━━━ INPUT DATA
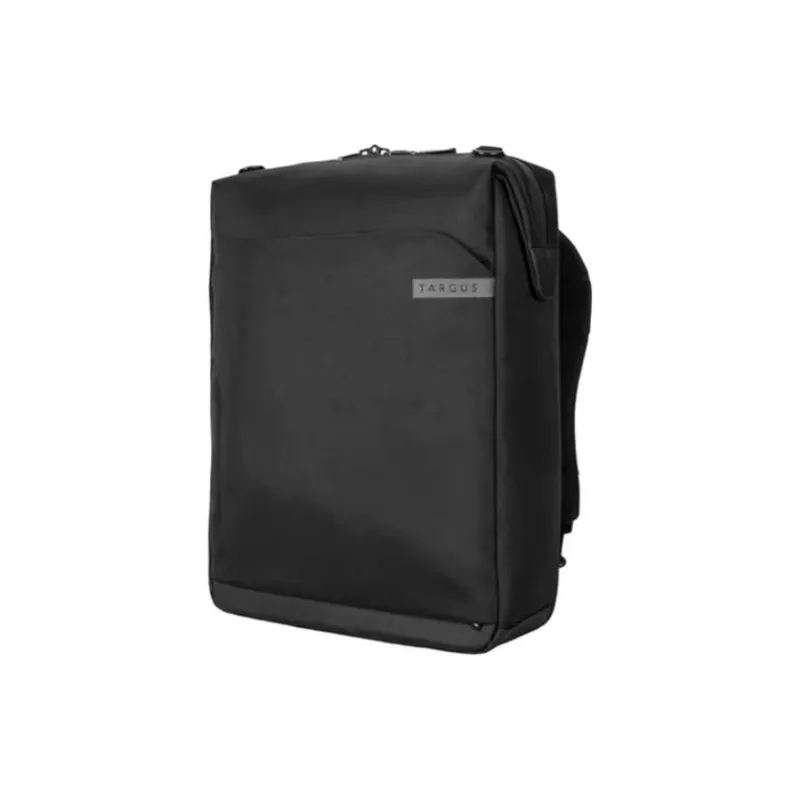 TARGUS Polyester Backpack Medium Size Men's Black-1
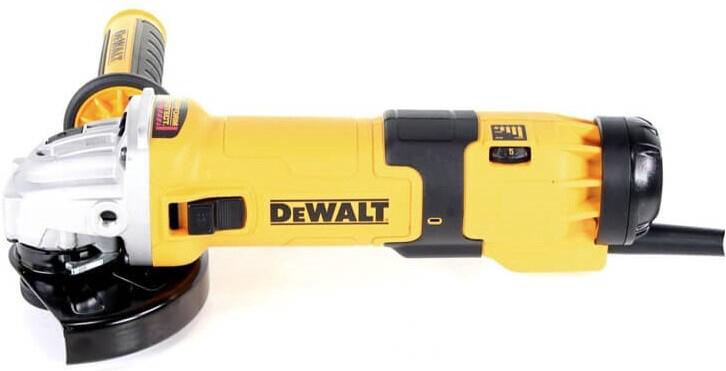 Кутова шліфувальна машина DeWALT DWE4257_1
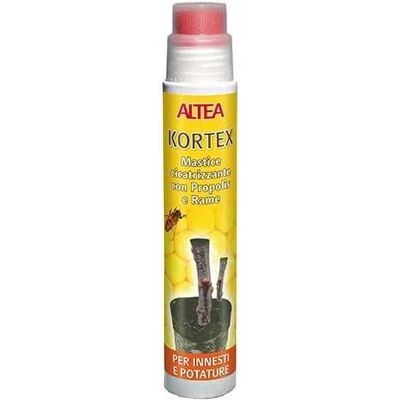 Altea Kortex Mastic Protecteur Cicatrisant Pour La Taille Au Cuivre Et À La - Publicité Altea Kortex Mastic Protecteur Cicatrisant Pour La Taille Au Cuivre Et À La - Publicité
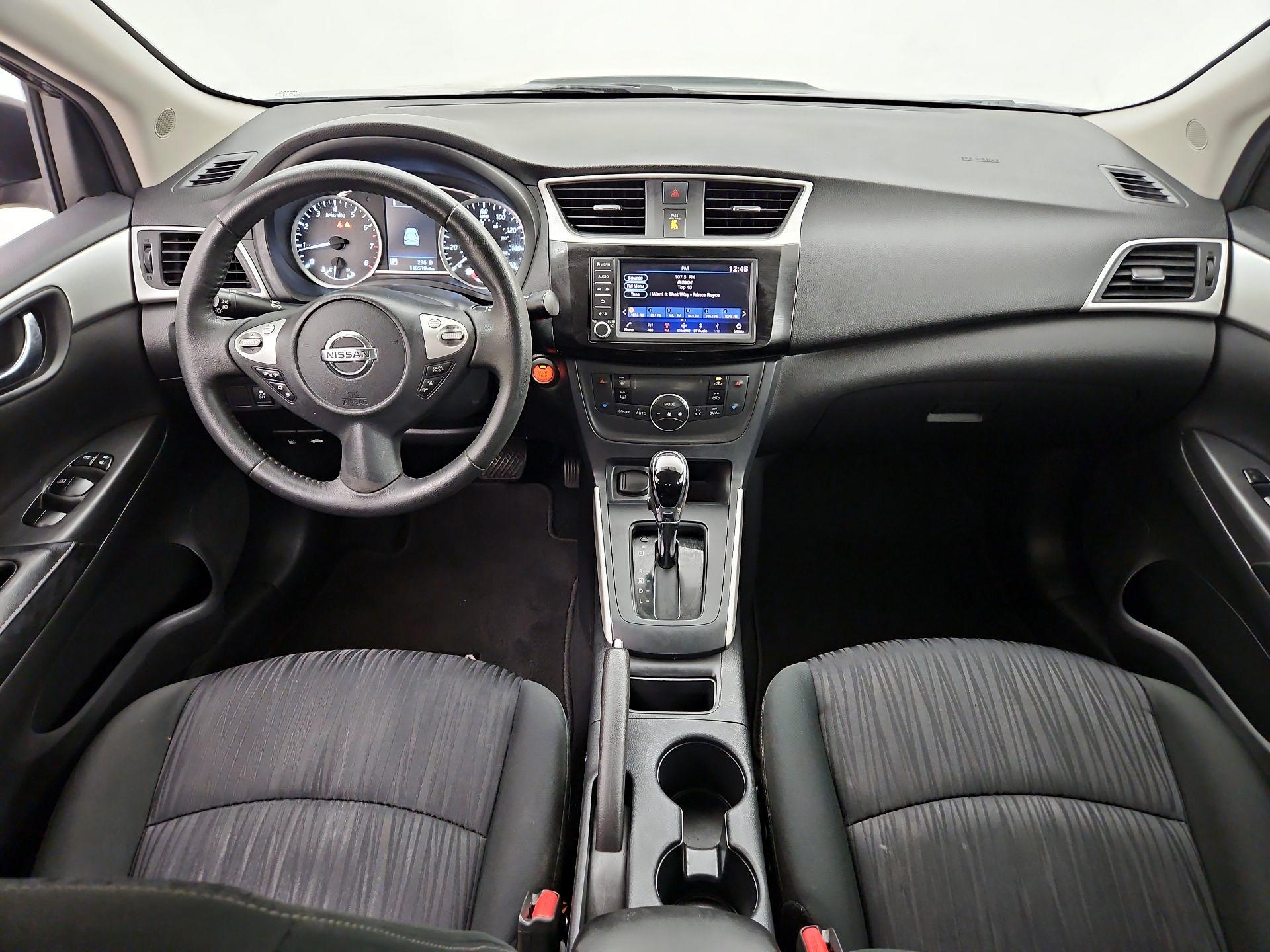 Thumbnail: 2019 Nissan Sentra - 9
━━━━━━
[WORK REQUEST] Copy exactly, please, every line from the one holding "Кутова шліфувальна машина DeWALT DWE4257_1" through the last line of the data, both ends included, and no pictures.

[SOLUTION FOR THIS PROBLEM]
 Кутова шліфувальна машина DeWALT DWE4257_1
 Altea Kortex Mastic Protecteur Cicatrisant Pour La Taille Au Cuivre Et À La - Publicité Altea Kortex Mastic Protecteur Cicatrisant Pour La Taille Au Cuivre Et À La - Publicité
 Thumbnail: 2019 Nissan Sentra - 9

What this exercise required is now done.